One of the most ancient forms of decorative art, mosaic has been used in Europe for centuries. Here in Catalonia it’s everywhere to be seen, from the facades of some of the most iconic buildings, to street sculpture and walkways. Read on to find out about the five most influential mosaic artists from Barcelona.
Perhaps the single biggest reason Barcelona has become synonymous with mosaic is the work of architect Antoni Gaudí. Nowhere is this more visible than in the Park Güell, home to the world-famous mosaic salamander known an ‘el drac‘. He practiced a form of mosaic called ‘trencadis‘, using pieces of ceramic such as dinnerware or tile, which was made particularly fashionable during the Modernist era. Rumour has it he first used the technique when, given the irregular shape of the surface he was trying to cover, he was forced to break a tile to make it fit.

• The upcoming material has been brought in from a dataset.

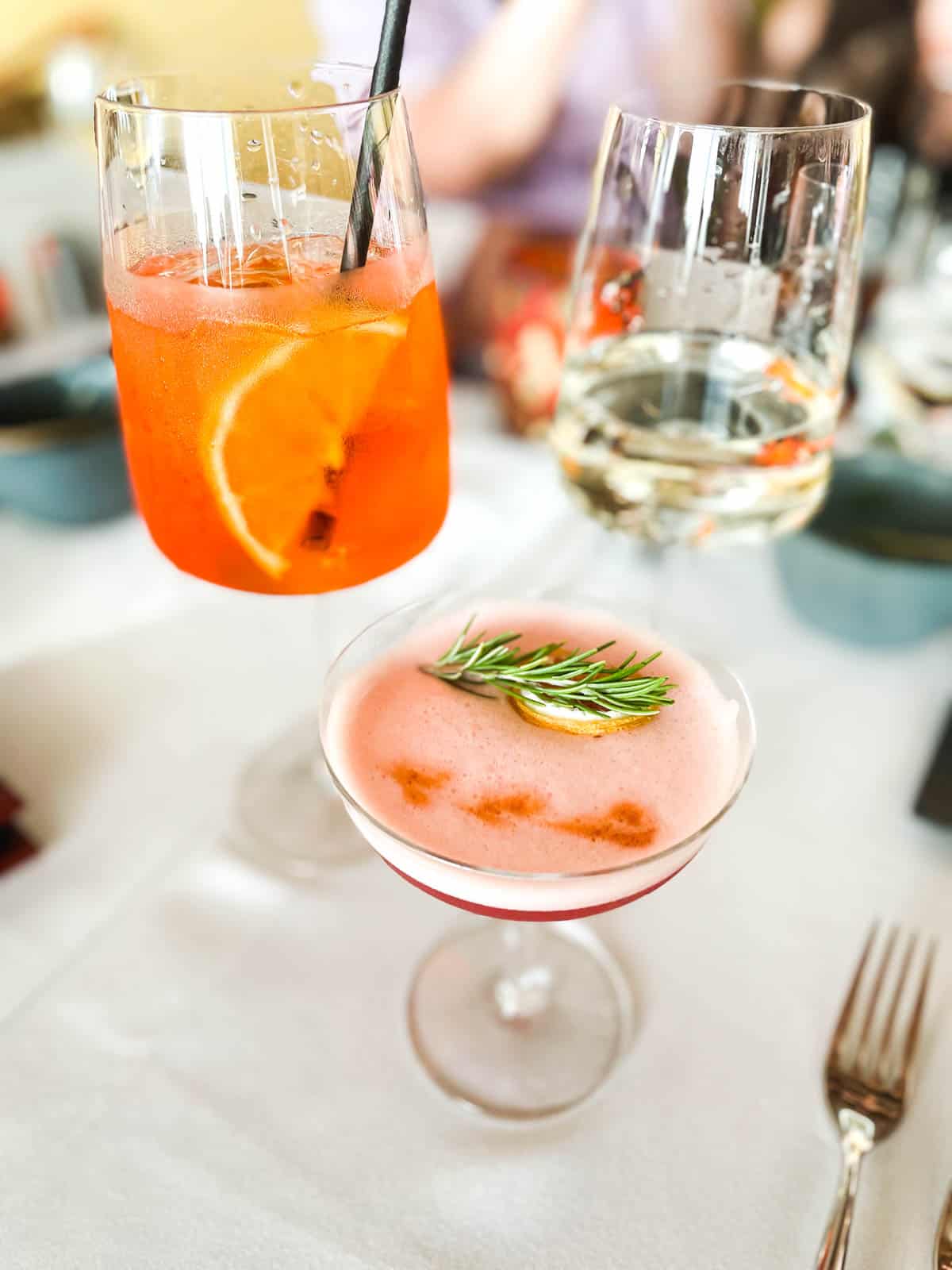 2 cocktails and a wine glass on a dining table inside Tocca Ferro in the JW Marriott Anaheim.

Despite not enjoying the same recognition these days, back in the day Josep Maria Jujol was a highly regarded architect and contemporary of Gaudí. In fact, they worked together on a number of Gaudí’s most famous designs, including Casa Batlló, Casa Milà and the Park Güell. One of his most famous – and rarely appreciated – contributions to the world of mosaic are the curved benches which frame the main terrace of the Park Güell.
One of the most famous artists to be born in Barcelona, Joan Miró is most well known for his colourful, somewhat surrealist paintings and sculptures but he was also a skilled ceramicist too. His most well-known work being the large Pla de l’Os mosaic which adorns the pavement opposite the Boqueria Market on Las Ramblas. It was created in 1976 and after considerable deterioration was restored by the local council in 2006, to mark it’s 30th anniversary. Today it continues to brighten up Barcelona’s most famous walkway, with hundreds of passers-by each day.

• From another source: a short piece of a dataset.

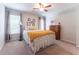 Bedroom featuring a metal-framed bed, a floor lamp, and a wooden dresser, all illuminated by natural light at 300 Brackin Trce, Grayson, GA 30017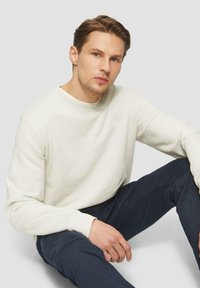 Lichtcrème sweatshirt met een ronde hals en geribde manchetten, gedragen over donkerblauwe broeken. Minimalistisch ontwerp met een subtiele merkdetails.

After beginning his career as an artist in the field of painting and drawing, Antoni Serra i Fiter later moved on to ceramics and became a highly-regarded Modernist mosaic artist. He opened a workshop in the neighbourhood of Poblenou, back when it was still the industrial heart of Barcelona, and specialised in porcelain and stoneware. One of his most famous contributions to the field of mosaic is to be found in the Casa Lleó Morera, where he collaborated with fellow ceramicists Gaspar Homar and Mario Maragliano.

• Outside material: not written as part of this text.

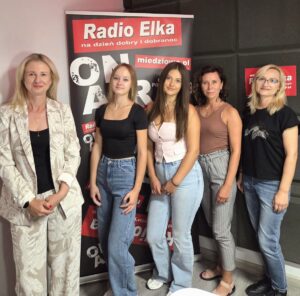 Trzy studentki pozują razem z mgr Anną Akielaszek-Witczak i mgr Katarzyną Prałat-Idzik na w radiowym studiu, za nimi baner promocyjny z napisem: Radio Elka
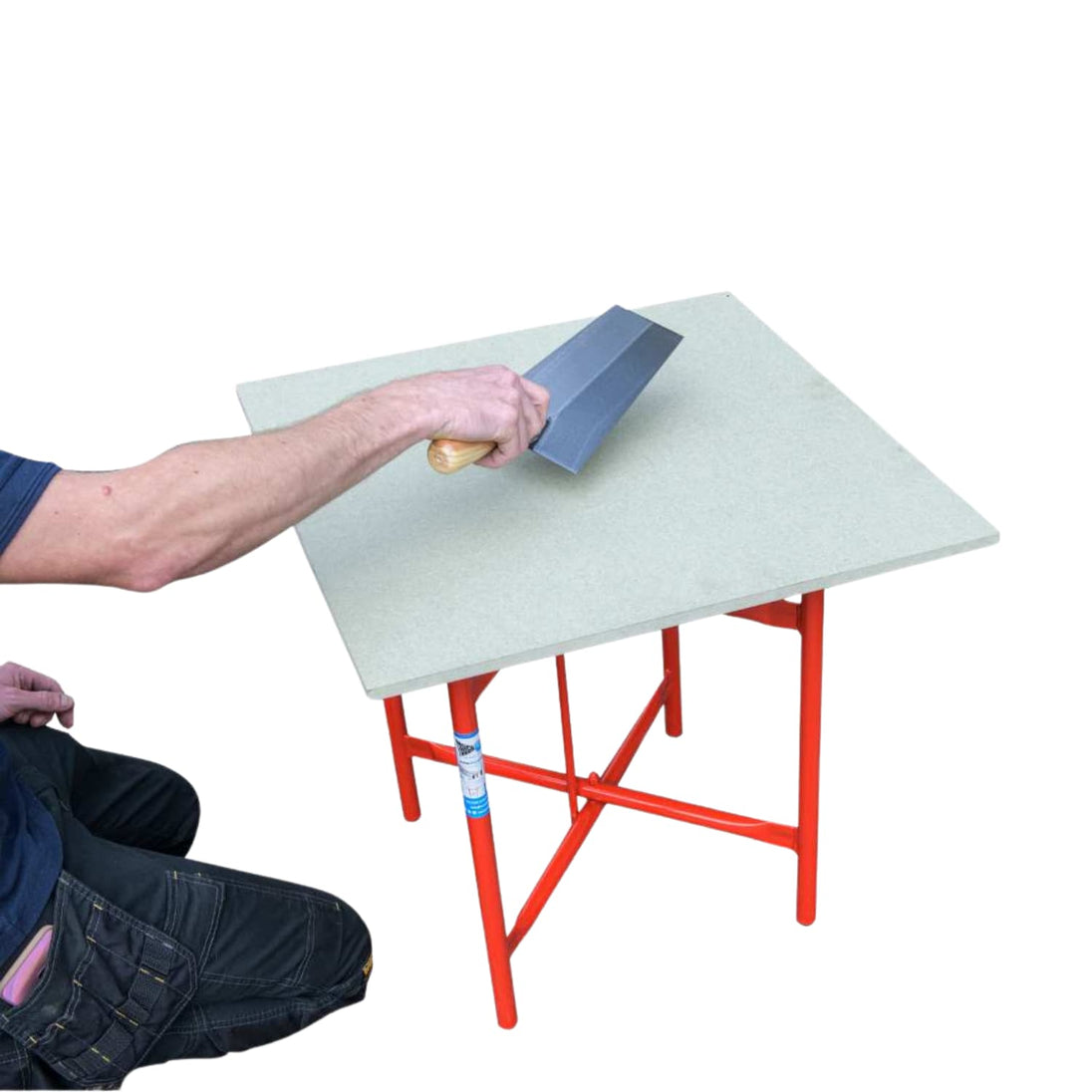 Man kneeling down using a hand tool on a red plastering table.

Another prominent ceramicist and mosaic artist from the Moderist era, Lluís Brú i Salelles was commissioned to work on a number of projects by famous Catalan architect Lluís Domènech i Montaner from a young age. He later travelled to Venice to perfect his mosaic technique before returning to Barcelona and working on a number of noteworthy projects, including the Palau de la Música Catalana as well as the Pujol i Bausis factory in Esplugues de Llobregat.